Virgin, mother...crone?
For a few years now, my friend May has been urging me toward the "crone" stage of my life with exuberent pronouncements about the wisdom of mature women and the freedom from the day to day needs of children. Of course, for May, this is all philosophical--she has no children and is still young. Nevertheless, her enthusiasm has been an infectious antidote to the unexpected unslaught of a hot flash or the encroaching frustration of a dodgy memory. Imagining myself as a wise elder of the tribe was compelling. Yet it seemed premature (like the gray in my hair) for me to exchange the honorable position of "mother" for the more suspect "crone," when I had just tripped into my fifth decade.
This month, however, I have begun to resign myself.

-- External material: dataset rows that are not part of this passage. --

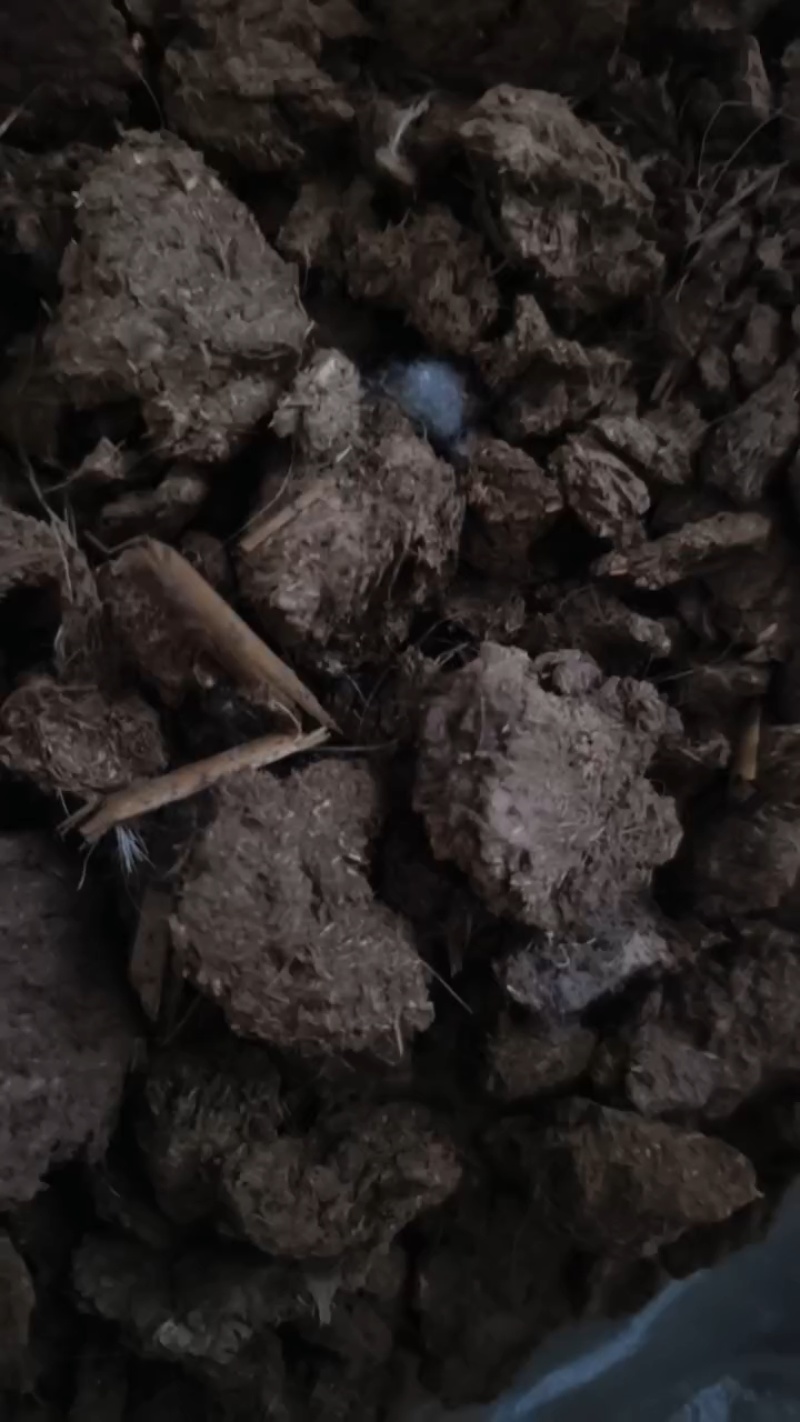 大型牛粪晾晒场，大量装车中。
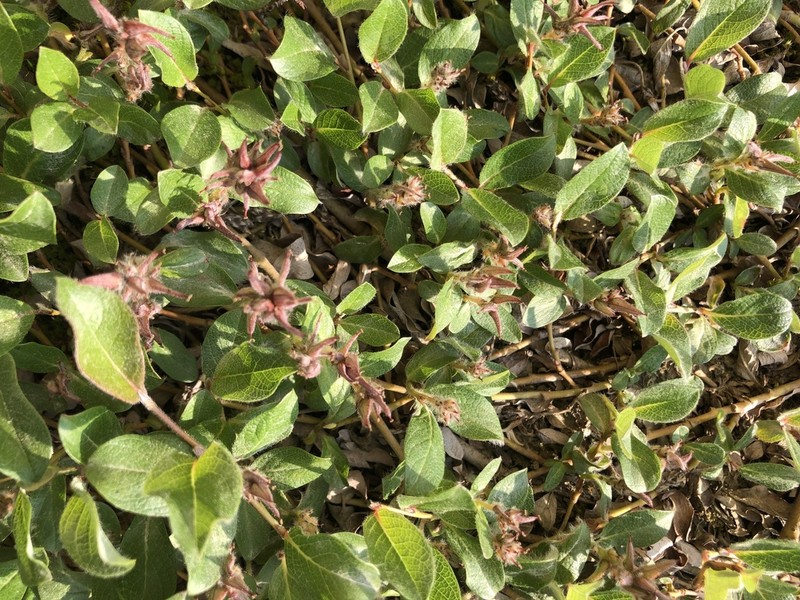 Oval-Leaf Willow photo 5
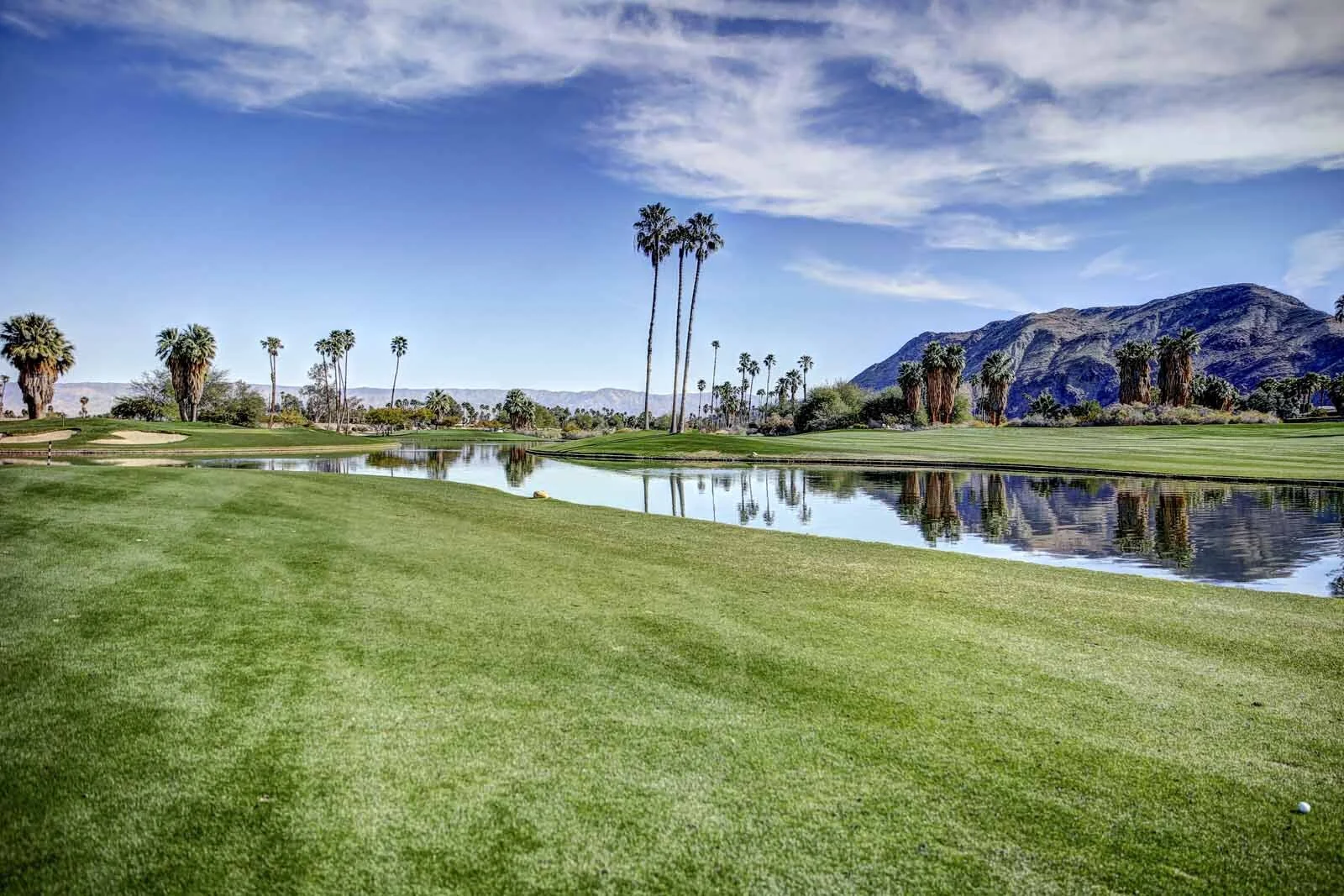 2016 PS LANDSCAPES-48.JPG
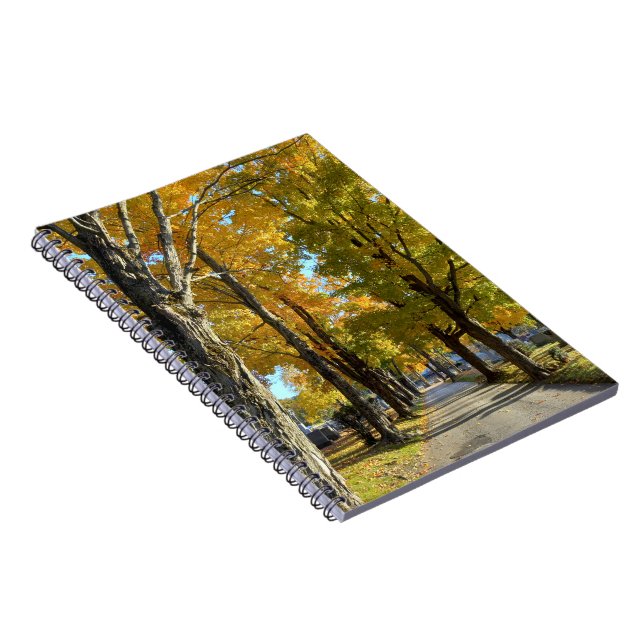 Autumn Yellow Path Spiral Notebook (Right Side)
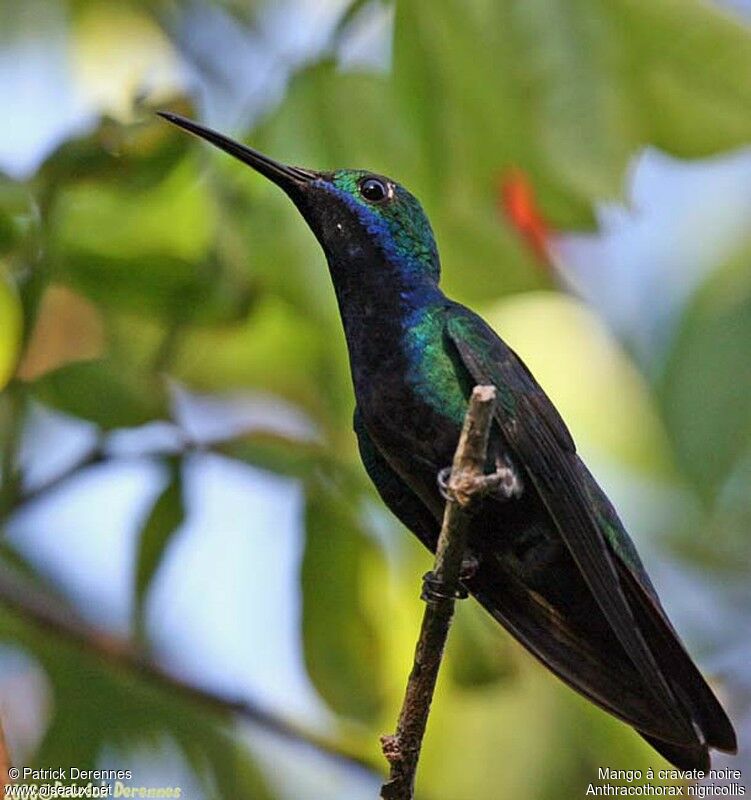 Black-throated Mango male adult breeding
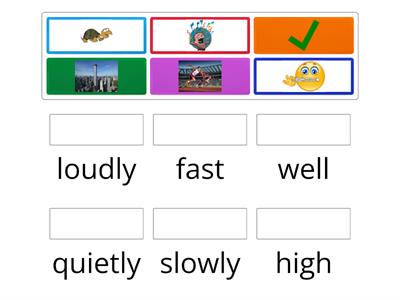 Bugs Team 3 Unit 3 Wordwall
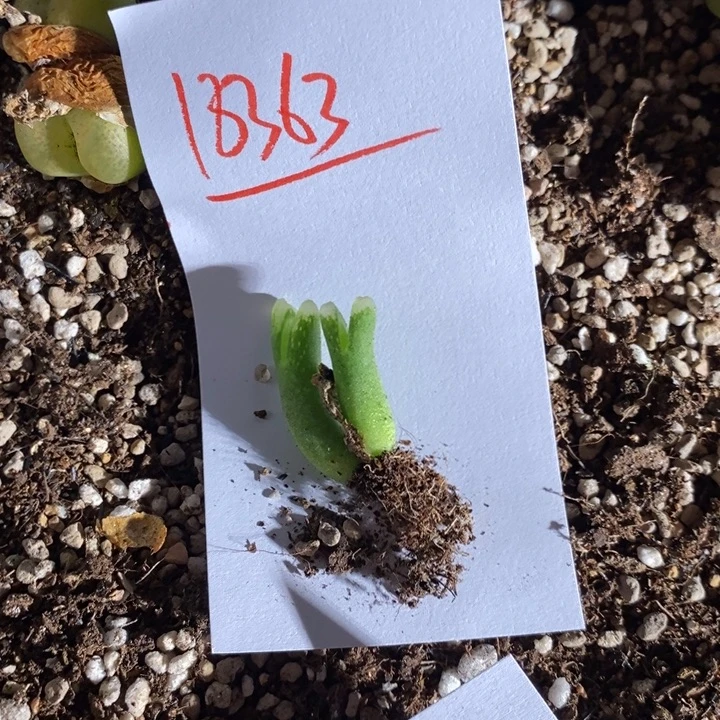 斯***孙18363。    天鹅。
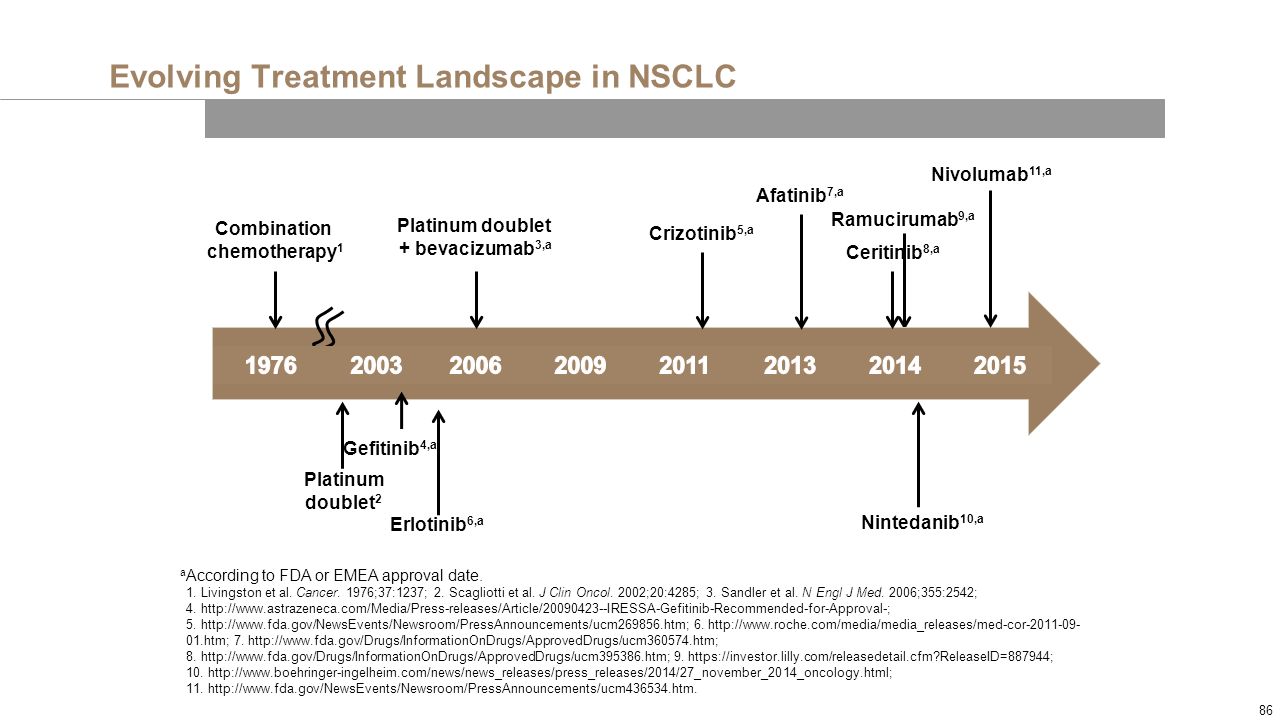 Nsclc treatment landscape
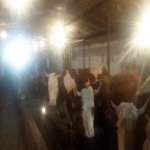 Продажа Объект, Новханы, Абшерон район 13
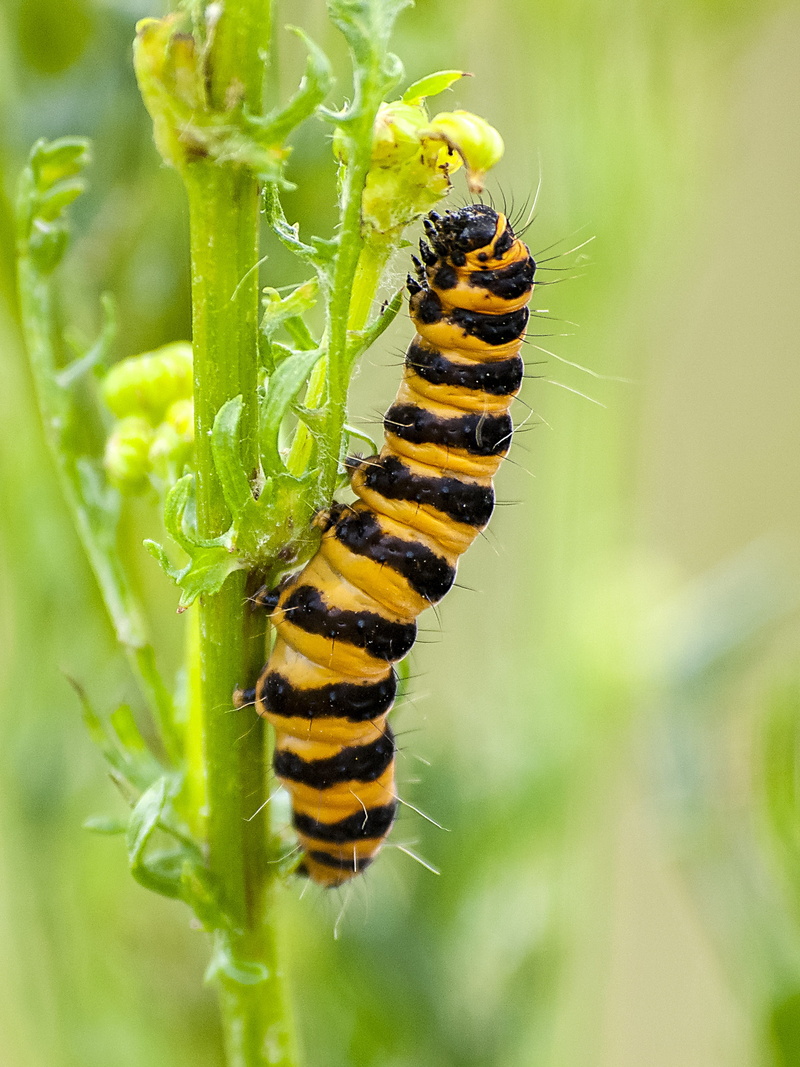 Nature, macro, Animal, fragility, flower, animal wildlife, summer, day, Caterpillar, vulnerability, 4K, beauty in nature, close-up, green Color, bee, larva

My daughter has left home to save the world (or at least one little corner of it), and I am beyond excuse a mother in name only. So I've been thinking about being a crone.
In pre-Christian Europe, elderly women were honored and respected members of the community. They conducted religious rites at which omens were read for all. In the Goddess temples of the Middle East and Egypt, they were doctors, midwifes, surgeons, and advisors on health care, bringing up children, and sexuality. They officiated at ceremonies and transcribed sacred books and vital records. They were teachers of the young.
Bt 1711, Joseph Addison observed "that when an old woman became independent on the charity of the parish she was 'generally turned into a witch' and legally terminated." Hmm...sounds lovely, eh?
I looked up the word "crone" in my trusty thesarus, and found: hag, bag, battle-ax, beldam, biddy, crone, fishwife, fury, gorgon, harpy, harridan, Jezebel, Medusa, ogress, shrew, slattern, sorceress, termagant, virago, vixen, witch, bear walker, beldam, charmer, crone, enchantress, hag, hellcat, magician, minx, necromancer, occultist, she-devil, siren, sorceress, warlock. Well, hell. This doesn't look as if it's going to be much fun...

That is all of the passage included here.